Tu sei uno degli artisti italiani più trasversali. Perché l'Italia fatica ad accettare l'eclettismo artistico?
Le incursioni in altre arti mi consente di andare oltre un sentire che ho già sentito. Il cinema merita di essere supportato. Considera anche il bello di lavorare sempre con i ragazzi con cui ho condiviso mille vicende musicali: dopo anni in questo ambiente sapere che esiste una famiglia solida che lavora con la freschezza di quando facevi solo canzoni è rassicurante.
Quindi confermi che ti dimetti da cantautore?
Non è che non voglio più cantare. Oggi sopravvivi solo se entri nelle prime dieci posizioni in classifica. Io faccio progetti che, oltre a piacermi, mi consentono di vivere, sentirmi realizzato e avere privilegi. Oggi essere cantante è soprattutto uno sforzo più che una soddisfazione. Da cantante non sopravviverei, conosco la differenza tra prosciutto crudo e cotto e preferisco il crudo. Dunque negli anni sono diventato anche altre cose ma non dimentico di essere da qualche parte anche un cantautore. Alle canzoni ho aggiunto altri ingredienti.
Soffri le categorizzazioni?
Ho iniziato che avevo 25 anni ed era poco permesso dal sistema mettersi in gioco in più ambiti.
Perché, secondo te?
In parte per colpa della stampa: è difficile per un giornalista raccontare qualcuno che fa il razzolone, che si cimenta in più ambiti. Ci ho messo più di vent’anni per dimostrare che non ero un pupazzo da circo ma stavo perseguendo più di una storia.
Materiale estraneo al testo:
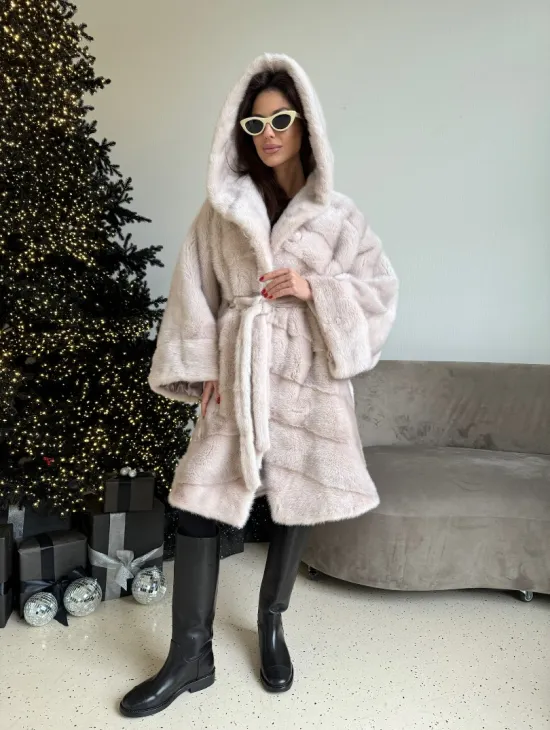 Шуба свободного силуэта из меха норки с капюшоном в цвете пудра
Dove è il dolo se cambia il luogo dove le racconti? Non mi sento in contraddizione e citando il maestro Franco Battiato dico che siamo perennemente in evoluzione.
Oggi però raccogli il frutto delle tue scelte variabili.
Ho fatto molte cose, non ho mai goduto del privilegio di stare nel corridoio dove si potevano allungare le gambe, mai ho viaggiato in super lusso e se lo avessi fatto forse mi sarei adagiato. Ma ti dico che ora il mio bilancio è positivo anche nella scomodità.
Hai scritto Ho cambiato i piani con Edwyn Roberts per il film 9 Lune e Mezza.
La voce è di Arisa. Quando ascolto quel brano mi viene da sorridere e mi domando quante volte li ho cambiati io nella mia vita e la sua voce attesta una realtà di cambiamento: ho un figlio di affido e ho amori che non hanno funzionato e a tutto ha fatto seguito un cambiamento di piani.
Come sta il divano sul quale hai lavorato durante il lockdown?
E' sfondato per storie di instagram dove tutti si prestavano a una foto su quel divano. E' molto comodo, un po’ sdrucito ma prenda la forma della persona.
Prossimi obiettivi?
Stanno nascendo due film dagli ultimi due miei romanzi. Ti devo un ritorno diventerà una serie televisiva mentre Per un po’ - Storia di un amore possibile sarà un film.
Debutterai come attore? Magari con micro camei alla Alfred Hitchcock?
Diciamo che tutelerebbe il mio ego e potrei chiedere di aprire una posizione Enpals solo per una posa.
Che estate prevedi?
Penso a un programma tv che vorrei parlasse di musica raccontando lo storytelling che c'è dietro le grandi canzoni coinvolgendo i ragazzi giovani: rime e barre esistevano prima della trap e sono raccontati da nomi forse desueti ma che in realtà sono le radici.
Anche stavolta la musica ripartirà dopo il calcio.
Considero essere a traino del calcio una mancanza di buon senso.
La tua agenda fin dove è piena?
Vivo la quotidianità. Ora penso a quello che devo fare stasera, amo vivere il mio presente. Il massimo cui mi spingo è il concerto di Francesco De Gregori il 13 luglio a Vigevano.